Relay-Version: version B 2.10 5/3/83; site utzoo.UUCP
Path: utzoo!utgpu!water!watmath!clyde!rutgers!ames!amdahl!drivax!socha
From: socha@drivax.UUCP
Newsgroups: comp.arch
Subject: Re: AM29000 Booleans
Message-ID: <1512@drivax.UUCP>
Date: Fri, 8-May-87 14:05:32 EDT
Article-I.D.: drivax.1512
Posted: Fri May  8 14:05:32 1987
Date-Received: Sun, 10-May-87 05:36:16 EDT
References: <> <138@neptune.AMD.COM> <3540@spool.WISC.EDU> <16587@amdcad.AMD.COM>
Reply-To: socha@drivax.UUCP (Henri J. Socha (x6251))
Organization: Digital Research, Monterey
Lines: 91

In article <16587@amdcad.AMD.COM>, tim@amdcad.AMD.COM (Tim Olson) writes:
>In article <3540@spool.WISC.EDU>, lm@cottage.WISC.EDU (Larry McVoy) writes:
>> Could you please show the assembly language generated for the following,
>> {	int x;
>> 	if (x)
>> 	    ;
>> 	else
>> 	    ;
>> 	if (!x)
>> 	    ;
>> 	else
>> 	    ;
>> }

Well, to add some fuel to the fire about how a machine's performance can
depend on the smarts in the compiler used, I hand modified the example code
given in the referenced article.  The changed code is shown below.
The changes were limited to taking better advantage of the delayed branching.
I only re-arranged and removed some code.

	.global	_main

;	if (x)
	cpneq	gr72,gr70,0		<-- sets the msb of gr72 if gr70 != 0
	jmpf	gr72,$16		<-- jumps if the msb of gr72 is not set
;	else
;	    y = 1;
	const	gr71,1			<-- waisted assign on fall through case

;	    y = 0;
	const	gr71,0			<-- remember those delayed branches!
;	if (!x)
	cpeq	gr72,gr70,0
	jmpf	gr72,$18
;	else
;	    y = 1;
	const	gr71,1

; THEN	    y = 0;
	const	gr71,0
	jmpi	lr00
>	-- Tim Olson
>	Advanced Micro Devices

The savings were:
	jmp	$17			<-- remember those delayed branches!
	jmp	$19

And that is not so shabby for such a small programme especially if the hardware
is smart enough to recognize that the jumped to address is probably in the

Now, don't try to say that the simple case of 1 instruction after the branch
doesn't occur (or occurs rarely).  I've seen it often enough to make me
think that this is a worthwhile optimization by the compiler.
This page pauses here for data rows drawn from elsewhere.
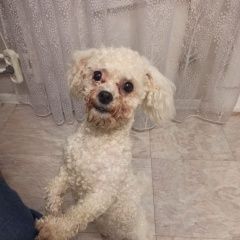 Подробнее об объявлении «Найдена собака Москва» Фото: найдена собака  «Найдена собака Москва» в г. Москва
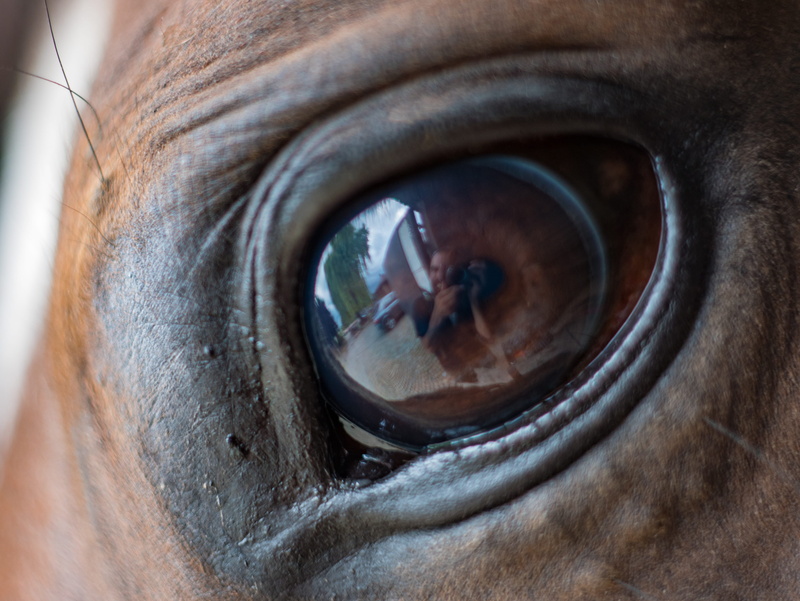 photographer, photographing, animal, reflection, horsing, iris - eye, human eye, sensory perception, eye, camera - photographic equipment, belgium, human body part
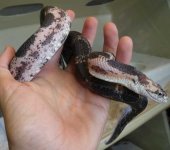 ScalelessFemale2a.jpg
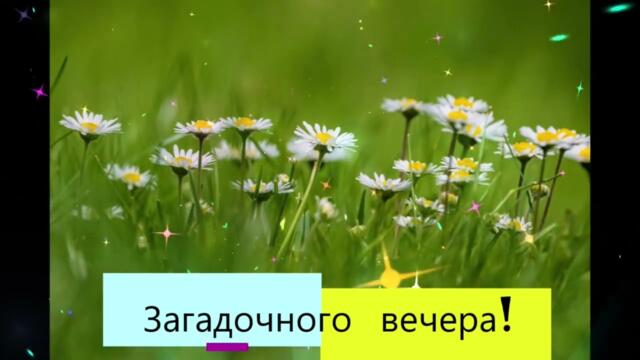 Добрый  вечер!    Bogacheva  - Красный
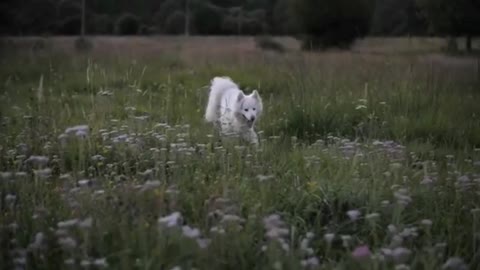 A dog that likes flowers.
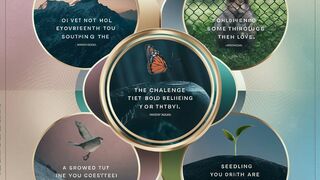 5 Quotes That Will Help You Challenge Your Limiting Beliefs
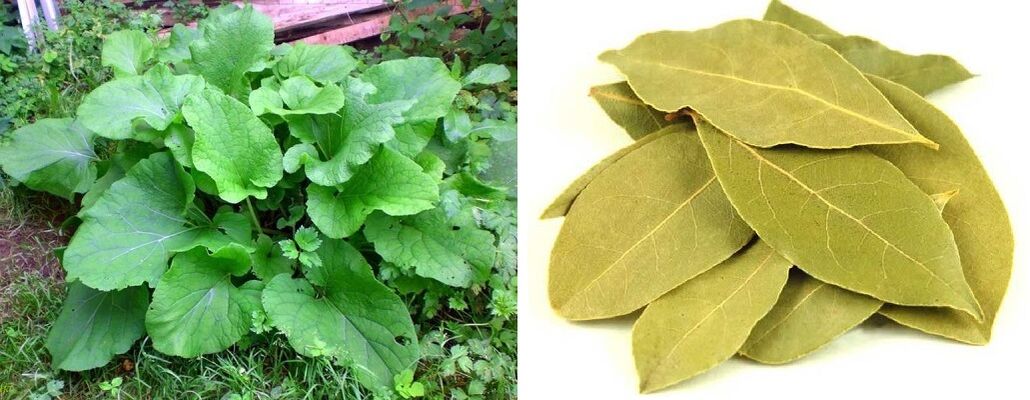 Burdock leaves and bay leaves treat joint pain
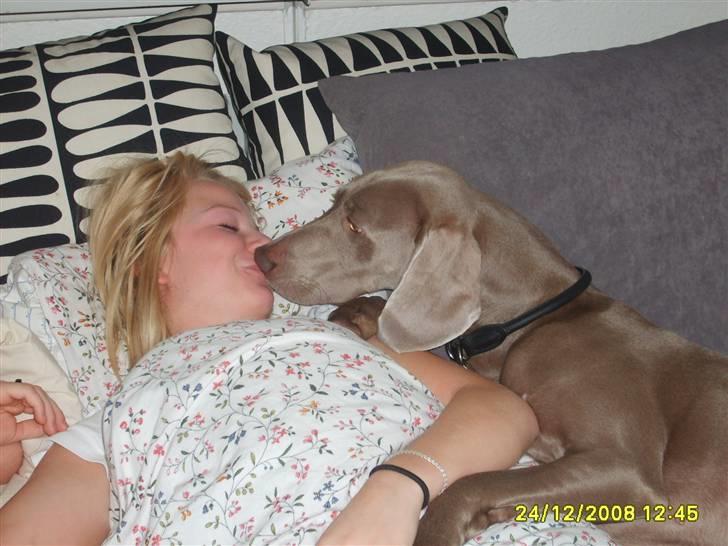 Weimaraner Molly - julemorgen 2008, vågner op til et dejligt mys. billede 11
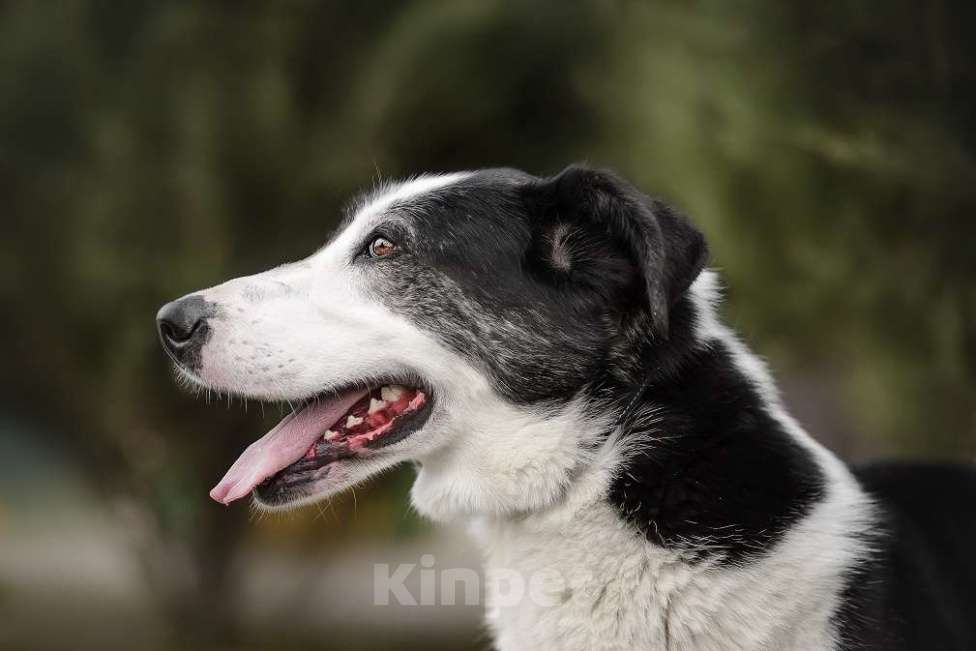 Собаки в Москве: Бим Мальчик, Бесплатно - фото 6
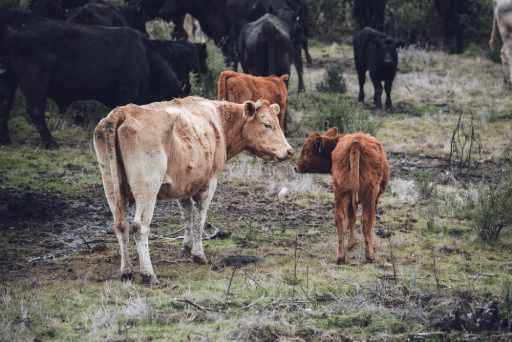 Gau Seva – Sacred cow in pastoral setting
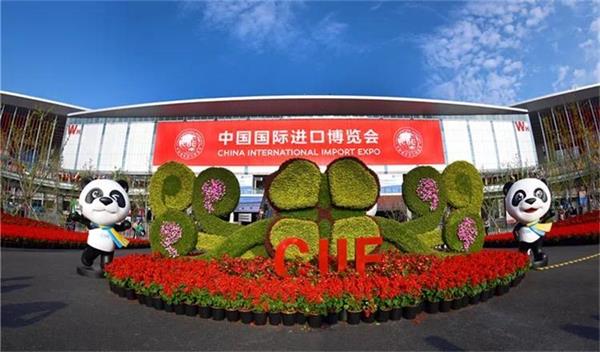 中国首届进博会选用掌门神安检设备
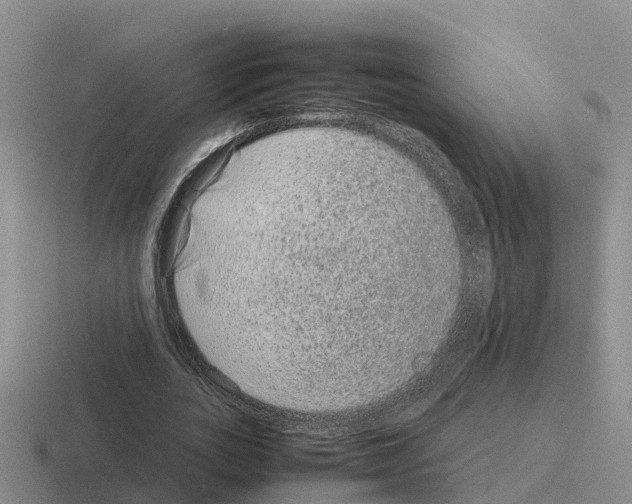 X0000116100727201001040951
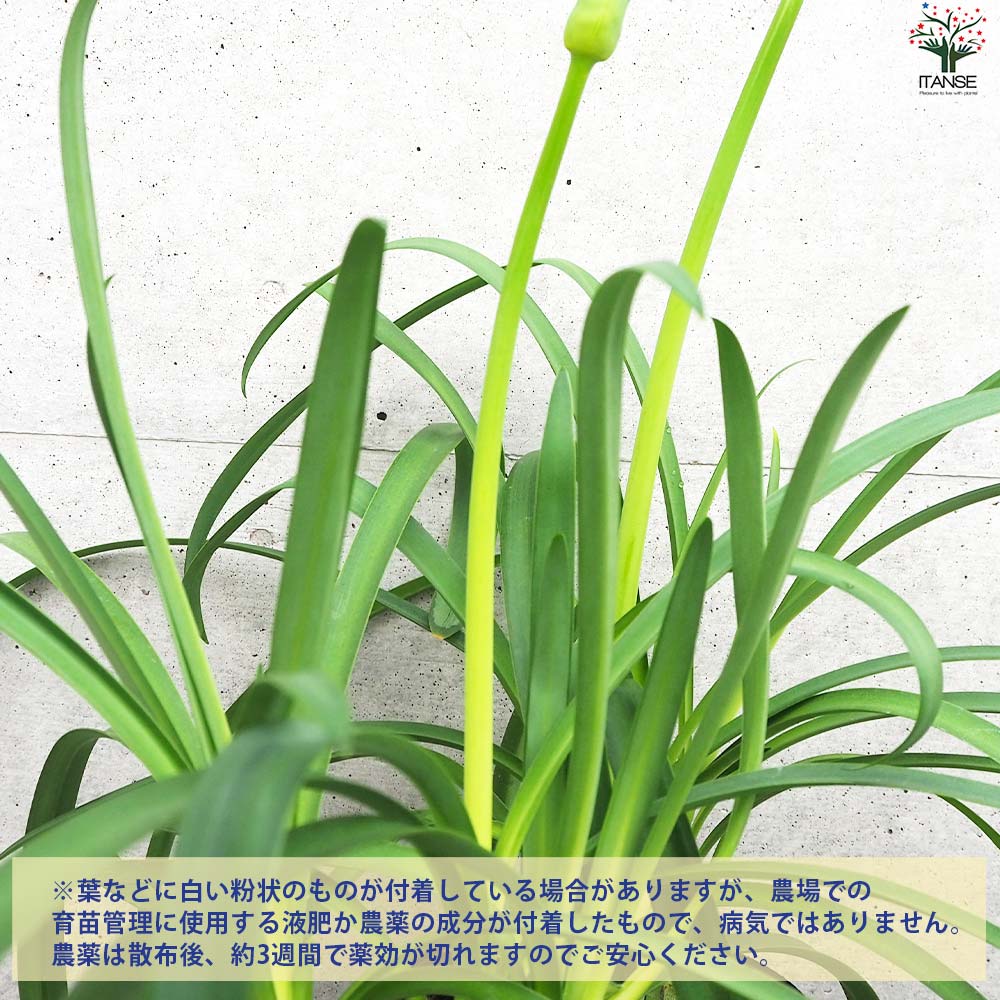 100％本物 アガパンサス 白花 花苗 Agapanthus 花の苗 紫君子蘭 ユリ ムラサキクンシラン 苗物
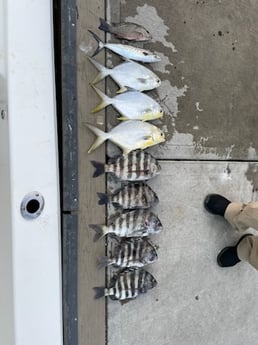 Florida Pompano, Mangrove Snapper, Sheepshead, Spanish Mackerel Fishing in Port Orange, Florida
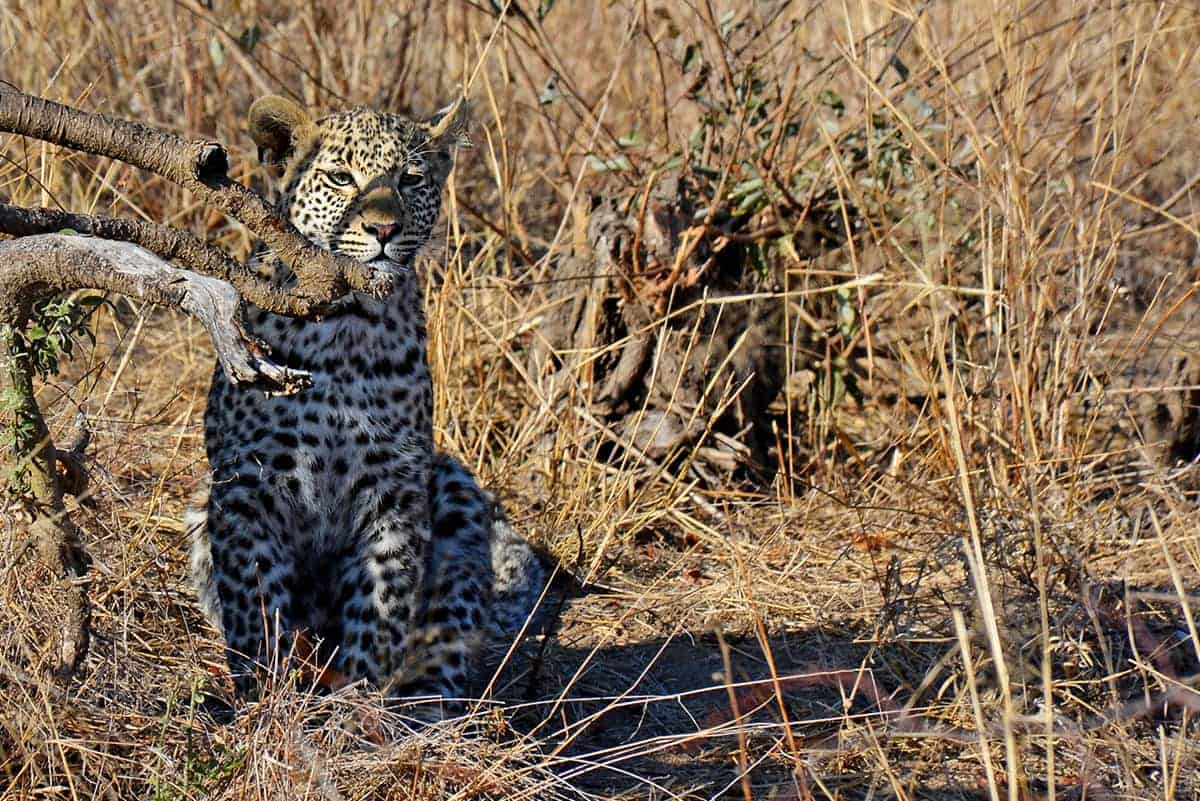 Londolozi Nkoveni leopard cub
BTW I like the fact that non-arithmetic instructions DO NOT change (affect)
the condition code (status) register. This can develop other optimizations.
But, I can't understand why the following sequence is needed for multiply.

	mul	gr72,gr71,#0		;step 1
	repeat	30			; (not in assembler? my addition)
	mul	gr72,gr71,gr72		;steps 2 to 31 (that's right, 30 words!)

	mull	gr72,gr71,gr72		; step 32

The above from Am29000 user's manual page 7-10 for a 32 bit integer multiply.
It takes 32 instructions to do it  (similar for divide).

Now, I can understand the advantages of a RISC processor but this is going
to far.  Should I put 32 instructions in the processing stream each time
I need to multiply two numbers?  Should I use a subroutine?
Seems to me a perfect  time/space tradeoff decision.  But, what are the costs?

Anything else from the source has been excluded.